Dr Peter Noyes had recently claimed there was a "conspiracy" to force the university to merge with two others.
The chair of governors praised his "outstanding leadership" during which a new city centre campus was created.
Dr Noyes said: "I am very sorry to be leaving an institution and a role I have loved but my family must come first at a time like this."
He will step down in July after 16 years at the university, the last six of which he has spent as vice-chancellor.Differing visions
Dr Noyes has spoken of his concern over new finance arrangements by the Higher Education Funding Council for Wales (Hefcw) which could mean 20% fewer students next year.
He has been critical of what he called a "conspiracy" against Newport to "force us into a merged situation with the two other institutions," the University of Glamorgan and Cardiff Metropolitan University.
The mission of the University of Wales Newport is to widen participation, drive economic growth and improve opportunities for communities in south east Wales.
As vice-chancellor, Dr Peter Noyes believes in that vision.
And when it comes to talk of a merger with Cardiff Metropolitan and Glamorgan, he's used that vision to promote Newport's rather different idea about how higher education should look in the region.
He talks of a brand new institution. Not a merger of existing parts. An opportunity, he says, to do things differently.

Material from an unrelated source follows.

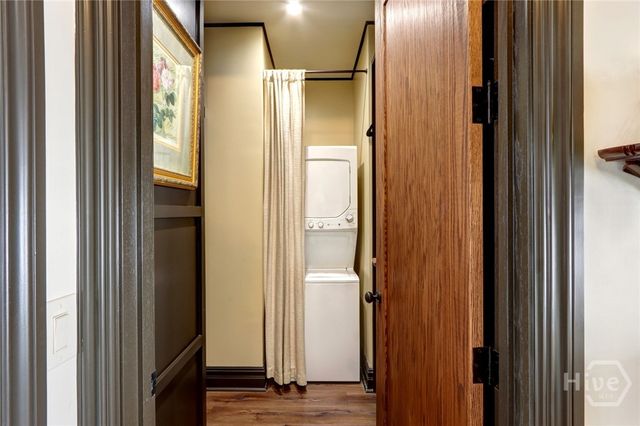 220 E State Street, Savannah, GA 31401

Dr Noyes says the university won't countenance anything that falls short of that, or that puts their mission at risk.
His departure comes at a pivotal moment in the talks. He'll want to ensure his successor shares that vision for the future.
He has said his preference would be the creation of a new entrepreneurial university for the region rather than a merger of existing institutions.
In April, Newport learned it would lose 300 student places - a cut of 20% - in a new funding structure.
Dr Noyes said at the time that he believed it was a move to force the university to merge.
Speaking about his decision to step down, he said: "I am sorry to be leaving in such circumstances and at such a critical time for the university. However I need to put all my focus on my personal life.
"It's the right decision for me but also for Newport. The institution needs someone who can give its future, and particularly the delivery of a new university for the region, their full attention.
"It's been an honour and a privilege to work with staff and students at Newport. I've learnt a lot and enjoyed my time here immensely.
"But to continue as vice-chancellor at the present time would not be fair on my family or on those who work so hard to deliver Newport's mission of widening access and social justice."'Huge turmoil'
Dr Noyes, a chartered psychologist, held academic posts at the universities of Bristol and Gloucester before moving to Newport.
He also sits on the board of Newport Unlimited, the city's urban regeneration company.
Andrew Wilkinson, chairman of the board of governors at the university, said: "Peter has provided outstanding leadership in a period of huge turmoil and the demands placed on him personally have been massive.
"The university owes him a huge debt of gratitude and we have total respect for the leadership he has provided.
"We will now seek to build on Peter's legacy and ensure the university continues to move forward and retain the momentum we have gained as a result of his tenure."